When you retype the data, keep every word exactly and include none of the pictures.
-- Source data follows --
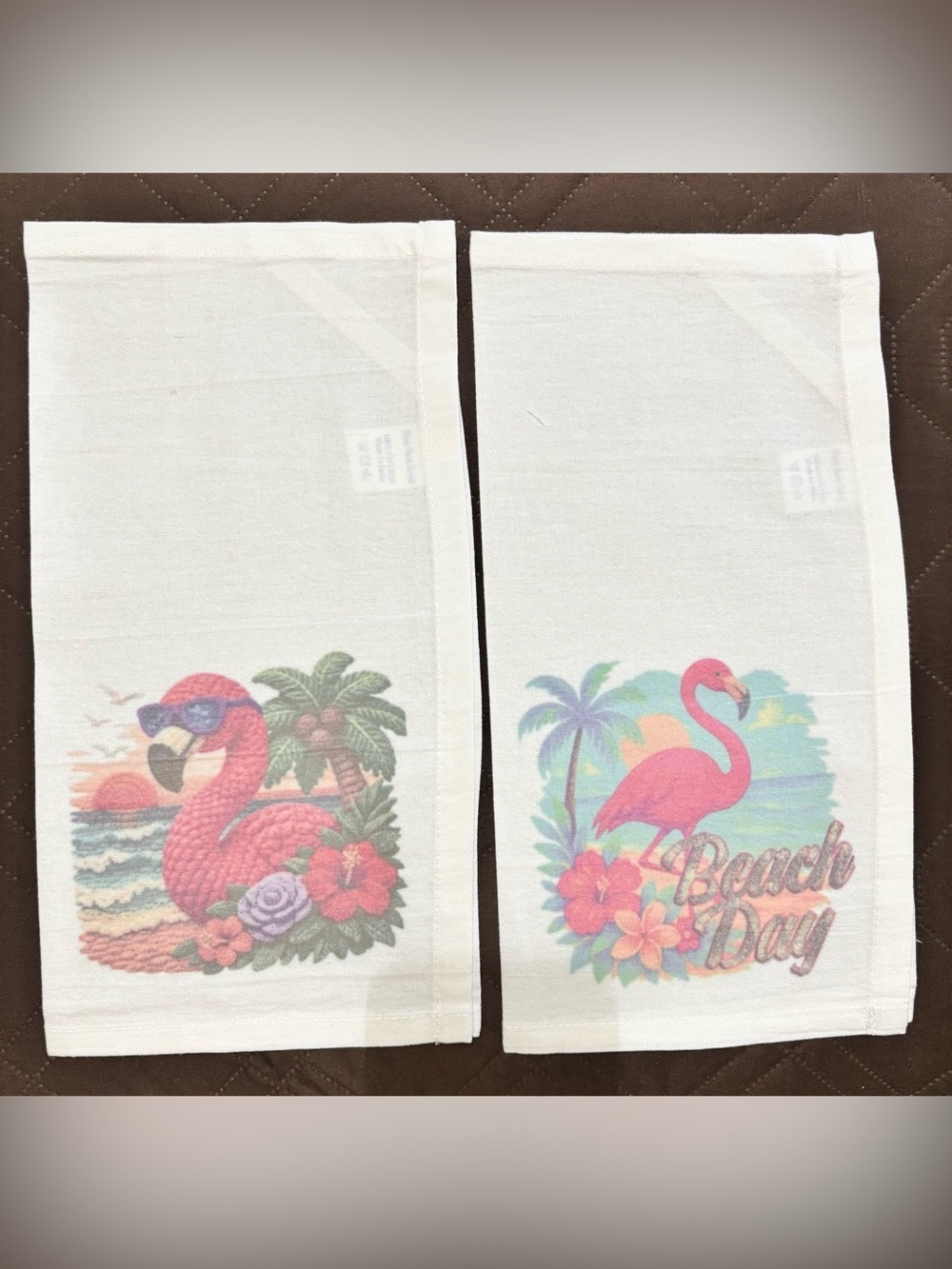 NEW White Beach Day Flamingo Cotton Tea Towels - Set of 2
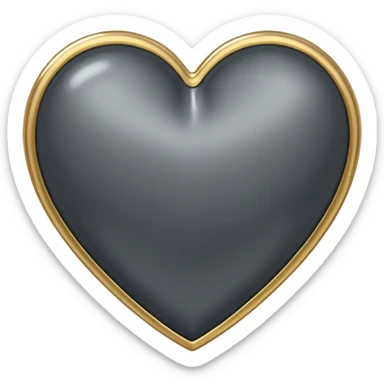 Dark grey metallic heart lined with gold gems sticker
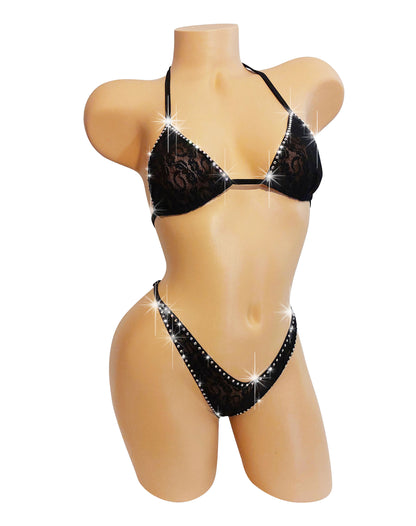 Daring Black Lace with Diamond Rhinestone outline - Adjustable thong! AA to DD cups - stripper, exotic dancewear, pole, rave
-- Source data concluded --
» Result of this exercise:
 NEW White Beach Day Flamingo Cotton Tea Towels - Set of 2
 Dark grey metallic heart lined with gold gems sticker
 Daring Black Lace with Diamond Rhinestone outline - Adjustable thong! AA to DD cups - stripper, exotic dancewear, pole, rave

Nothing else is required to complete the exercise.